The volcanic lake Telaga Warna (the lake of colours) near the Puncak pass in West Java owes its modern-day fame in part to the novella Oeroeg (1948) by Hella S. Haasse, where it is called Telaga Hideung. Telaga Warna has been a tourist destination from the nineteenth century on and draws tourists to this day. Numerous travellers have recorded their visit to it in writing, and photos of Europeans posing near it abound. The smooth and tranquil water, which reflects the green of the surrounding jungle and thus gives the lake its name (‘lake of colours’), was widely praised for its beauty.
In the second half of the nineteenth century, physician Isaäc Groneman made a trip to the lake and described the experience in his book Bladen uit het dagboek van een Indisch geneesheer (Pages from the Diary of an Indies Physician, 1874).
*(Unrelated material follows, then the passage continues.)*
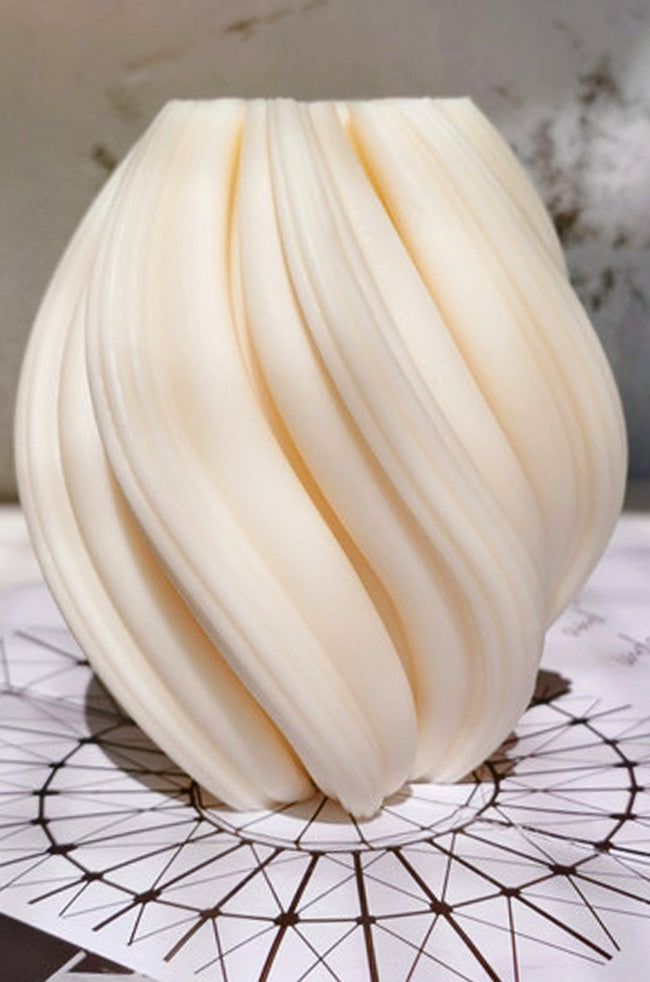 Rising Column Medium Candle: ivory sculptural candle with modern twisted curves displayed on a marble surface with pink floral décor.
He walked towards the lake along a slippery footpath and through an ‘impenetrable wilderness’ of high trees, until he suddenly found himself face to face with ‘a tranquil and smooth expanse of water, which reflects no other colour than the immortal green of an overpowering vegetation that leaves not a single spot on the walls of this quiet abyss uncovered’. The sheer beauty of the volcanic lake was overwhelming: ‘It seems to us as if time stops moving; it is as if an unknown power tethers us to the suddenly beloved place, to nature’s faithful mother’s breast, and as if her comforting spirit calls out to you: To live here, to die here, far from the world, this is happiness!’
1. Indigenous servants at Telaga Warna, during A.E.F. Muntz’s Java trip, 1901-1902. [KITLV 19466]
2. European party at Telaga Warna, around 1915. [KITLV 114381]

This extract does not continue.